И чтобы хватило времени
С Мишей поговорить!..

   — А знаешь, как я рад, — звучит на диске его родной голос, — что вот-вот появится на прилавках книга, которую мне удалось сделать в нашем питерском Издательском доме «Нева». Это небольшая антология лучших детских стихов ХХ века, начиная от Маршака и Чуковского, и кончая нашим поколением, там будет Андрюша Усачев и Тим Собакин, и Марина Бородицкая с Гришей Кружковым, и Витя Лунин, которого мы тоже очень любим, и поэты более старшего поколения – Ирина Токмакова, Яков Аким и Юра Кушак с Эдиком Успенским… Но, например, не будет стихов Хармса и Введенского, я бы написал в книжке: «по независящим от издательства причинам» — каких-то замечательных поэтов там не будет… Тем больше причин вернуться к этой книге и переиздать ее в более обширном виде… Это ведь тоже наша писательская забота – хранить то, что мы любим, и говорить о тех, кого мы любим, и вспоминать тех, кто ушел – давно ли это случилось или недавно, вот как ушли поэты Эмма Мошковская или Ирина Пивоварова. Или наши совсем недавние потери – Валентин Берестов и Заходер, и Генрих Сапгир, наилюбимейшие детские поэты, я уж не говорю, какие они взрослые поэты, это отдельная тема, но мы всех помним и очень хотим, чтобы наши читатели любили их так же, как любим их мы…

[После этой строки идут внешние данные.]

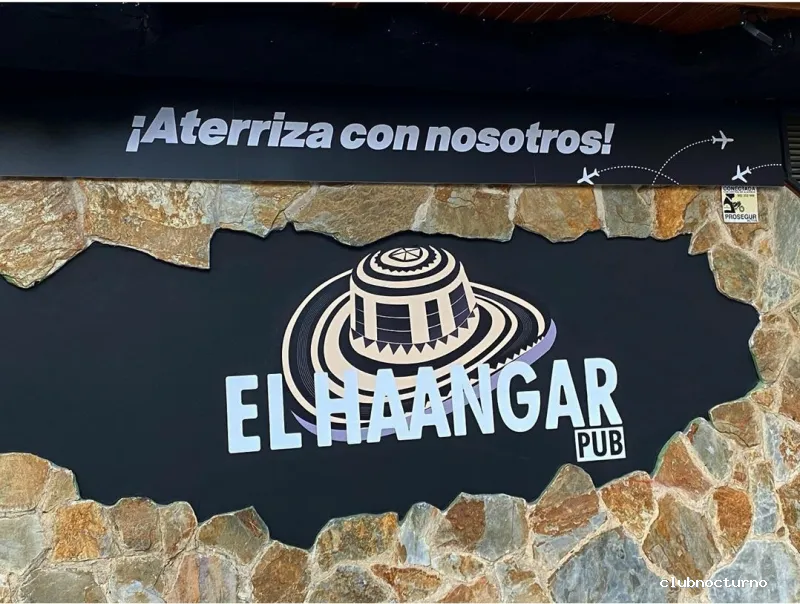 EL HAANGAR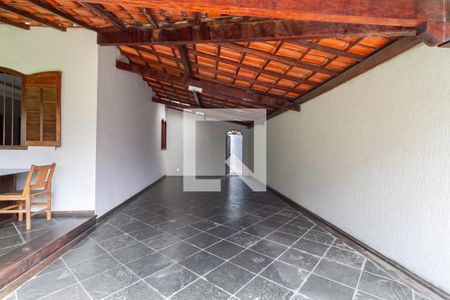 Casa à venda com 420m², 3 quartos e 6 vagas Casa à venda com 420m², 3 quartos e 6 vagasGaragem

    Слушаю Мишу, а перед глазами картина: поздний вечер, семинар в «Костре» закончился, посошок на дорожку, пора домой. А в Питере в это время наводнение, оно только начинается, но улицы у набережной уже плывут. Мы с Бородицкой и Таней Пономаревой коротаем время до поезда, заходим к Яснову.

   Помню забитую книгами комнату, Митю, Мишину жену Лену, таксу Мегрэ, горячий чай, спасительный с промозглого холода. Влетает с улицы Миша, беседа набирает обороты… Паровоз наш давно разводит пары, мы с Пономаревой бьем копытом, а Маринка с Мишей никак не наговорятся, не налюбуются друг на друга.

   Как мы бежали на Московский вокзал по колено в воде, как Яснов забрасывал нас в концевой вагон, как махал нам вслед на перроне!

   А впереди уйма времени, сотня счастливых встреч…

                                        …Может, и впрямь ничего не случилось,
Может быть, жизнь наконец получилась…
Если по-прежнему в старом дворе
Кто-то выводит: ми-до фа-ми-ре…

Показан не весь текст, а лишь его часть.